I should find the inverse matrix of the matrix: \begin{pmatrix} n & n & \cdots & n & n \\ n-1 & n-1 & \cdots & n-1 & 0 \\ \vdots & & & & \vdots \\ 2 & 2 & 0 &\cdots & 0 & \\ 1 & 0 & 0 &\cdots & 0 & \\ \end{pmatrix}
for all integers $n$.
Now I could do this by basic Gauss elimination.. taking a unit matrix as our right side and working our way down but this matrix seems pretty interesting as if we look at the rows we can always factor something out.

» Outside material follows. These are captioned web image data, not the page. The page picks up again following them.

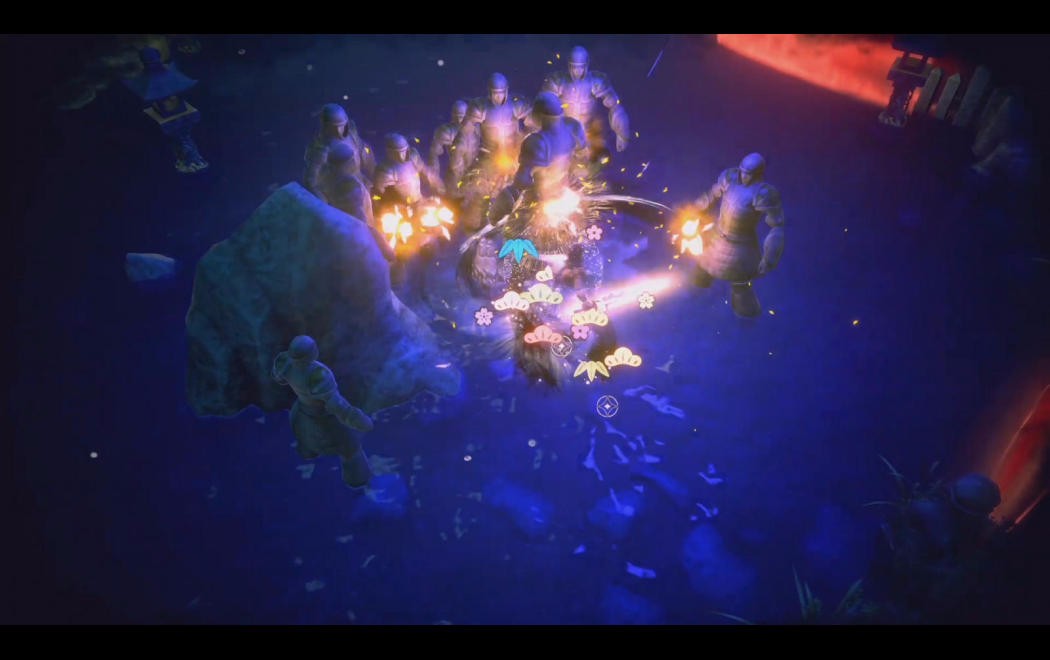 侍道外传 刀神 2024-06-25 15:08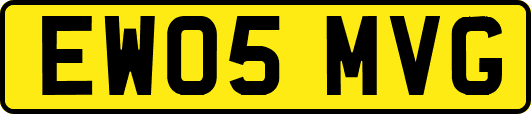 EW05MVG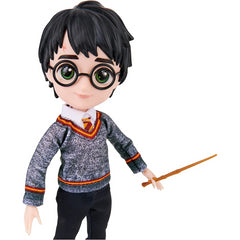 Harry Potter Hogwarts Collectible 8" Doll - Harry Potter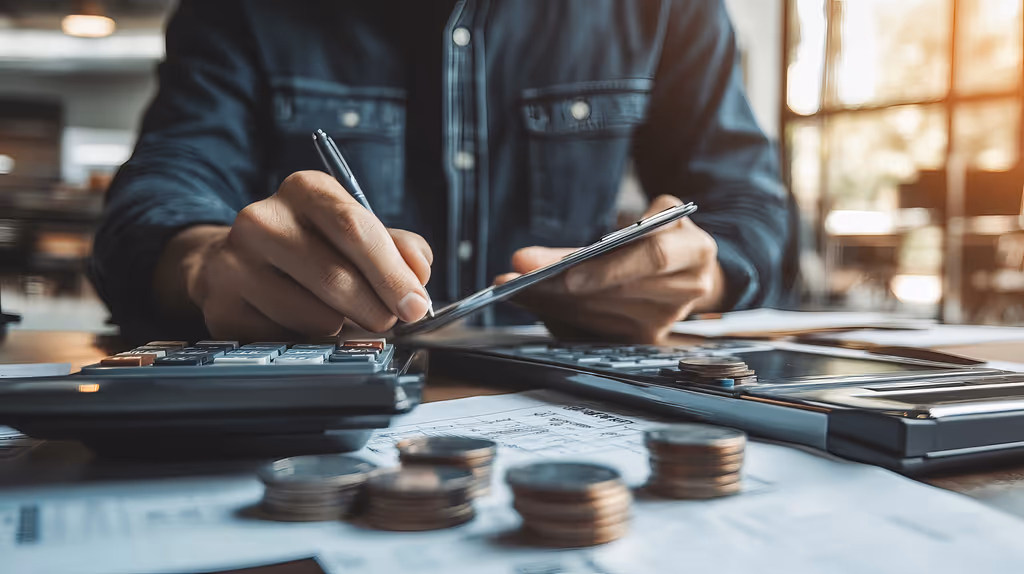 Insurance&Financing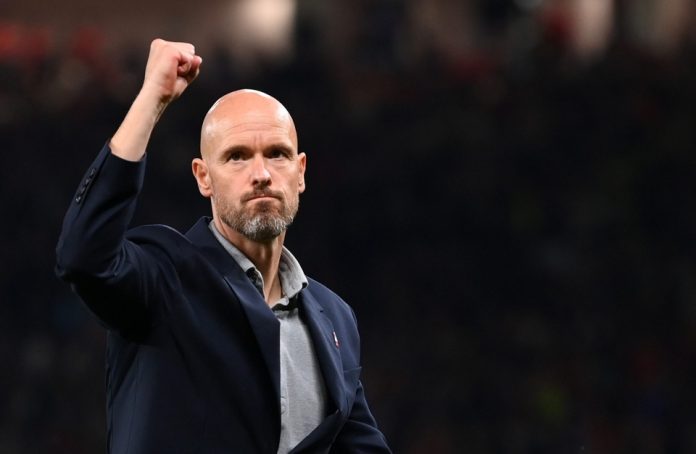 Erik Ten Hag: Leverkusen's Second Choice? Manchester United Manager Update Erik Ten Hag: Leverkusen's Second Choice? Manchester United Manager Update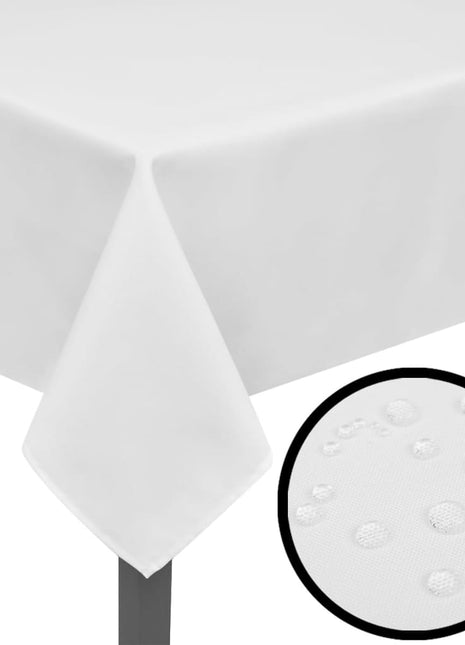 Tafelkleden 5 Stuks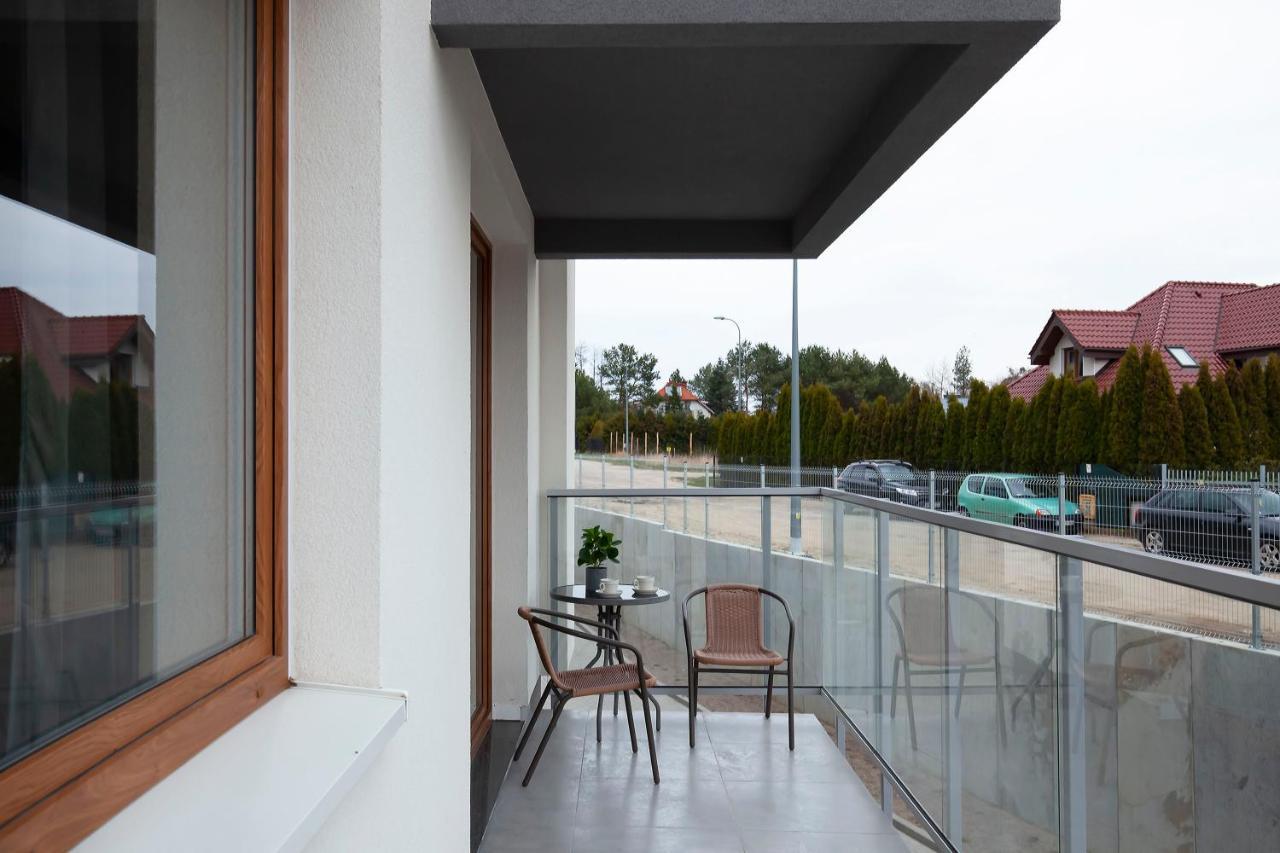 Apartament Sun & Relax Daire Reda Dış mekan fotoğraf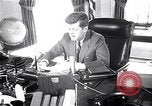 Standbild John F Kennedy Greenville North Carolina USA, 1963, aus Sekunde 22 historischem Filmmaterial Videoclip 65675033238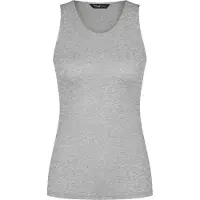 Triumph Haut ' Beauty Layers ' gris chiné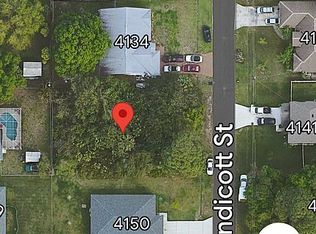 4142 SW Endicott St, Port Saint Lucie, FL 34953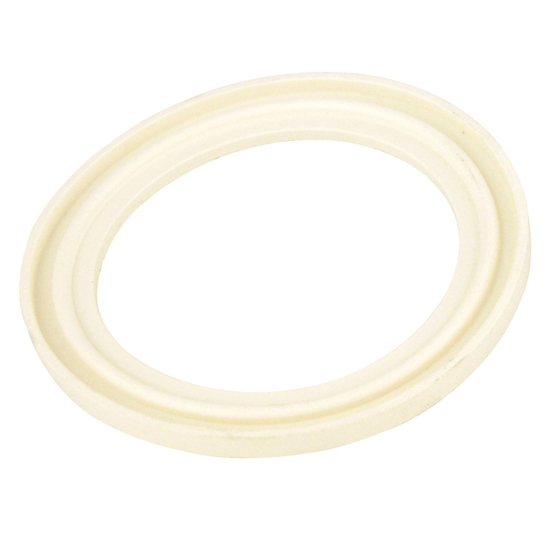 Picture of White Flanged Gasket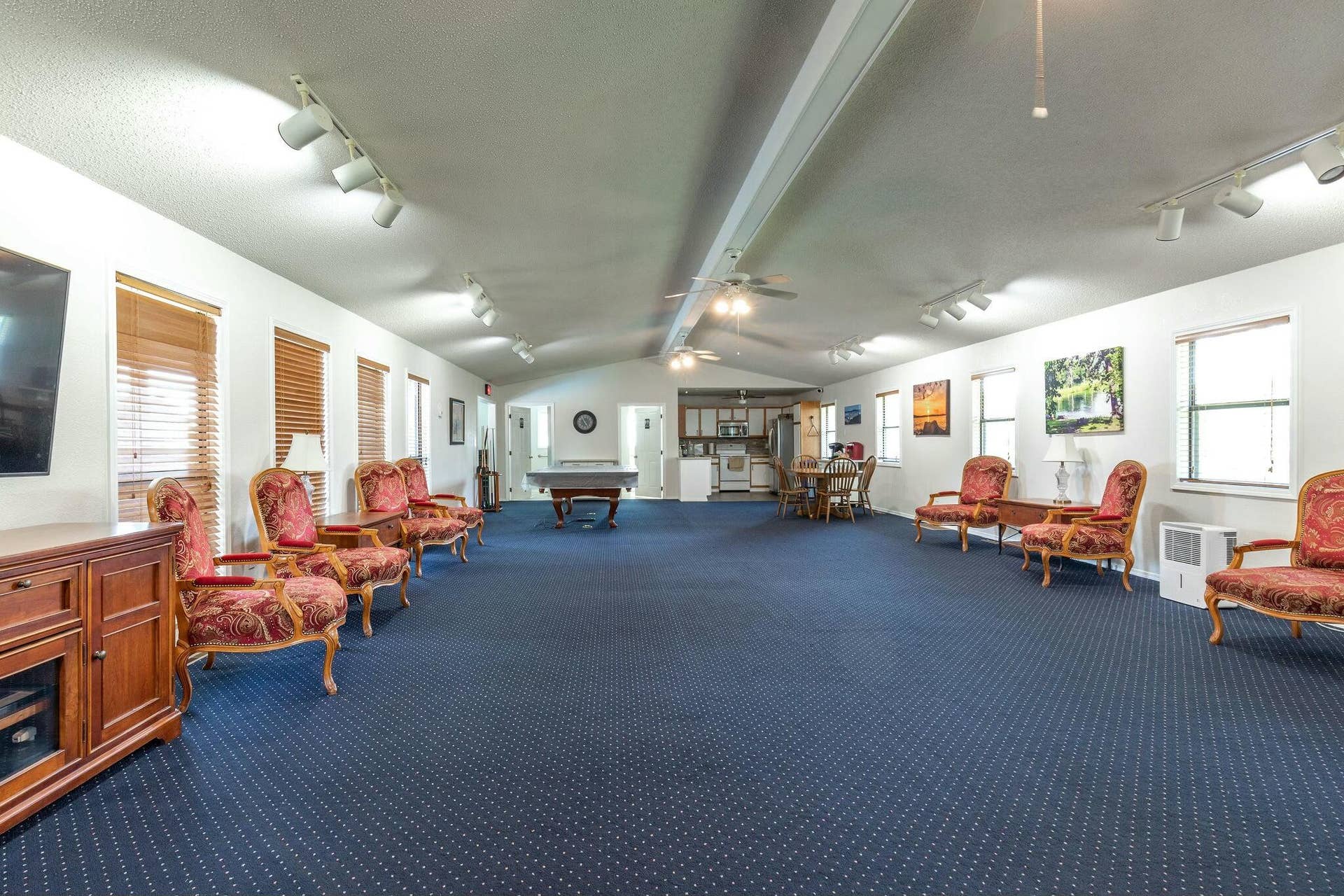 165 Keel Lane, #4, Kimberling City, MO 65686 Clubhouse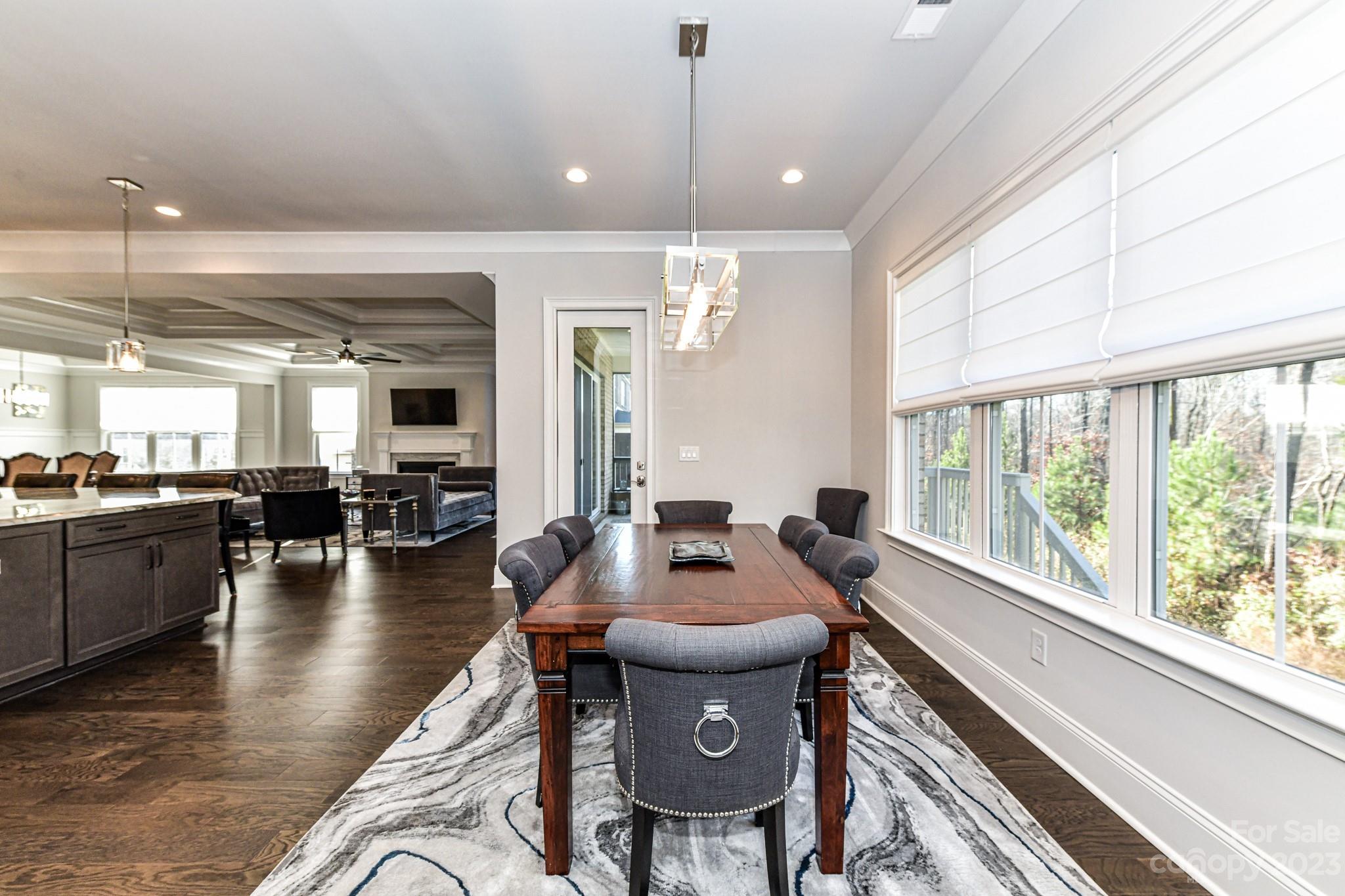 The Falls at Weddington - Residential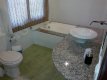 banheiro com vasca idromassagem :: Paraiso do Sol Hotel - Foto 10 banheiro com vasca idromassagem :: Paraiso do Sol Hotel - Foto 10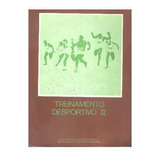 Treinamento Desportivo Volume 2
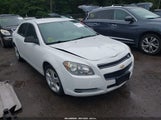 Chevrolet Malibu Ls 1G1ZA5E01AF164472 снимка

From the first row we can factor out $n$ and we will get $1 1 1...1$, from the second we can factor out $(n - 1)$ and we will get $1 1 1...1 0$, third $(n - 2) 1 1 1...1 0 0$ and so on..
So we should be able to just factor out $n!$ and simplify the matrix a lot.
My question is: what´s the best way to work with this matrix now, when you want to find the inverse? How do you proceed when you have something factored out from the left side? Is it even a step in the right direction here?
Thank you.
You can write $A = D B J$ where $D$ is diagonal with diagonal entries $(n,n-1, \ldots, 1)$, $J$ the "antidiagonal" matrix with $J_{i,n+1-i} = 1$ for $i=1\ldots n$ and $0$'s elsewhere, $B$ the matrix with $1$'s on and above the diagonal, $0$'s elsewhere. Note that $J^{-1} = J$, while $B^{-1}$ has $1$ on the main diagonal, $-1$ on the superdiagonal (i.e. $(B^{-1})_{i,i+1} = -1$). Thus $$A^{-1} = J B^{-1} D^{-1} = \pmatrix{ 0 & 0 & \ldots & 0 & 1\cr 0 & 0 & \ldots & 1/2 & -1\cr 0 & 0 & \ldots & -1/2 & 0\cr \ldots & \ldots & \ldots & \ldots & \ldots\cr 0 & 1/(n-1) & \ldots & 0 & 0\cr 1/n & -1/(n-1) & \ldots & 0 & 0\cr }$$ i.e. $(A^{-1})_{i,n+1-i} = 1/i$, $(A^{-1})_{i,n+2-i} = -1/(i-1)$, all other elements $0$.